Thursday, February 20, 2020

Living In Someone Else’s House


Unless you designed and built your house, you live in someone else’s house. Someone else lived there before you and someone else will live there after you’ve moved on.
You might change the lightening fixtures or change the color of the walls. You might change the shutters and curtains and put down new carpets. You might put up different shower curtains, add new appliances, or even do some landscaping.
The kitchen counters can be upgraded and the bathroom remodeled. The bedrooms might move some furniture or place a television on a wall. Nik-naks can be scattered about with pillows to give a building a lived in feeling and a personality.
Then you change jobs or get evicted and move out. The sofa and chairs and tables and nik-naks can go with you but not the toilet or kitchen cabinets or countertops.
Walls and lighting show age of the house. Cracks can be patched and antique electrical and plumbing and HVAC can be replaced as the demands of the house changes.
It seems in the gentrification of this village, the solution is to demolish the old and rebuild from scratch. So go all the memories to the trash pile.
Passing by old barns and building on the side of the road that have been abandoned and are dilapidated fascinate our imagination of the people who once lived there.
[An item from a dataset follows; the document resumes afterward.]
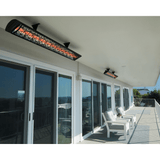 Infratech CD Infrared Electric Heater with Contemporary Motif Kit in Terrace - detail view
The babies who were born upstairs, the stories told on the porch on a hot summer day, the gatherings of family after worship service with a warm kitchen and smell of communal cooking.
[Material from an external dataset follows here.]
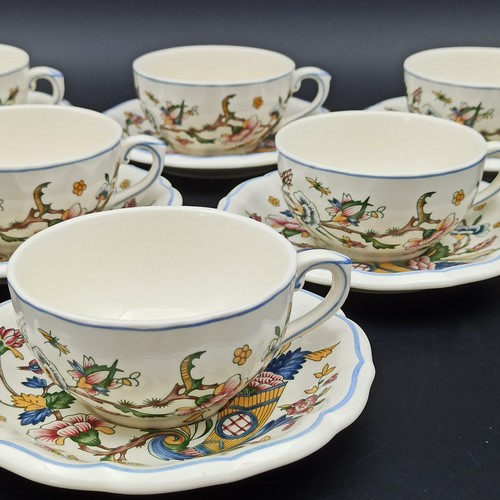 Gien tasses à thé en - gien, 6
 According to legal documents from Christian, House, Benedetti and Lubman, a notarized statement Blanche S. Byrdsong, widow was hereinafter designated Grantor and I was hereinafter designated Grantee.
Who was Blanche S. Byrdsong? Who was she a widow of? Did she live in the house when it was built? Where those kids in the house her children or grandchildren or family at all? Where did she come from? Where did she go?
When this building and plot of land is signed over to another Grantee, will they be concerned about who lived here? The walls know the stories but do not tell tales.